You know how people are always fucking complaining about news coverage? I’ve got my own complaint over this particular article: “Dog Blamed for $10K House Fire.”
Seriously, news assholes, not cool. Did you ever stop to think about the dog in this story? Did you even consider that the owners of this particular dog might have been fucking lying to get themselves out of trouble?

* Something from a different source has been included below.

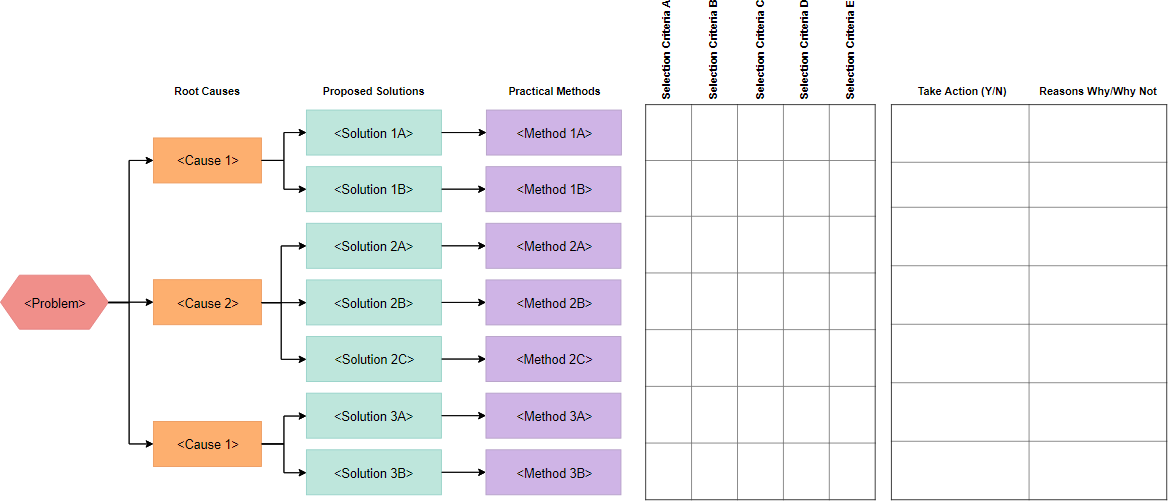 Solution Selection Matrix Template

I mean, look at these lines from the story: “Fire investigators in Baton Rouge say the pup was playing with a pillow a little bit too close to a space heater, and the cushion ignited. Two people were asleep in the bedroom when they woke up at 4 a.m. Thursday to find flames in the room.” That sounds fucking fishy to me. Did this reporter ever stop to think that one of the people who was asleep in the room knocked the pillow onto the space heater? Or, more likely, the humans were getting frisky and knocked a pillow onto the space heater, and were too embarrassed to say so? I’m a fucking dog and these possibilities are immediately obvious to me. And humans think they are so fucking smart...

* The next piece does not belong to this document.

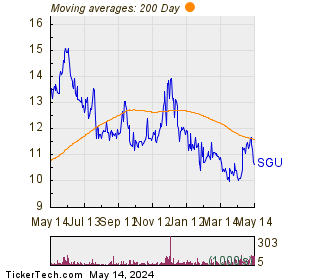 Star Group LP 200 Day Moving Average Chart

On the plus side, this article does give me a new idea of a way to piss off Sarah.
Long time, no bark. A crap load has been going on. If, by crap load, you mean that I have been forced to deal with Sarah (the asshole) and her stupidity on a daily basis.

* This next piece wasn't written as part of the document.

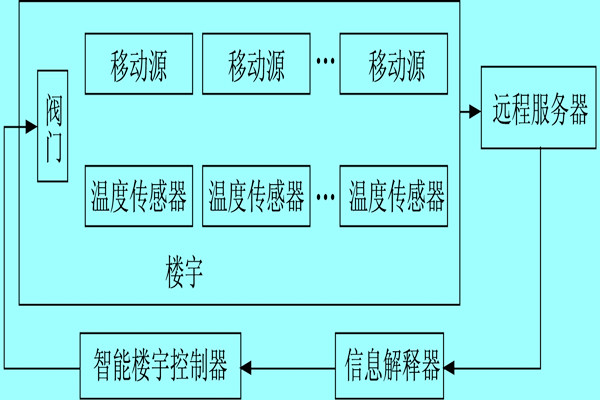 樓宇自控系統(tǒng)利用體感溫度實(shí)現(xiàn)智能化？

Today, I am just going to hit on the low lights of the last few months: Hallo-fucking-ween. Or, as Sarah insisted on calling it, "Howl-o-ween."
Here I am in a fucking chicken costume:
Who the fuck dresses a dog up as a chicken? I will tell you who: assholes. Like Sarah. I look like a tool.
Of course, Sarah, being the Supreme Queen of the Assholes, was not satisfied with dressing me up as a chicken. So she bought a SECOND Halloween costume for me:
A pumpkin? The only good thing about this outfit compared to the chicken is that it doesn't involve a hat. Of course, that small plus is outweighed by the fact that it makes my curves look less curvy, and increases the "fat ass" look that I am trying to avoid.
And seriously? Who buys her dog two Halloween costumes? I'll tell you who: a 30 year old single woman without children. What an asshole.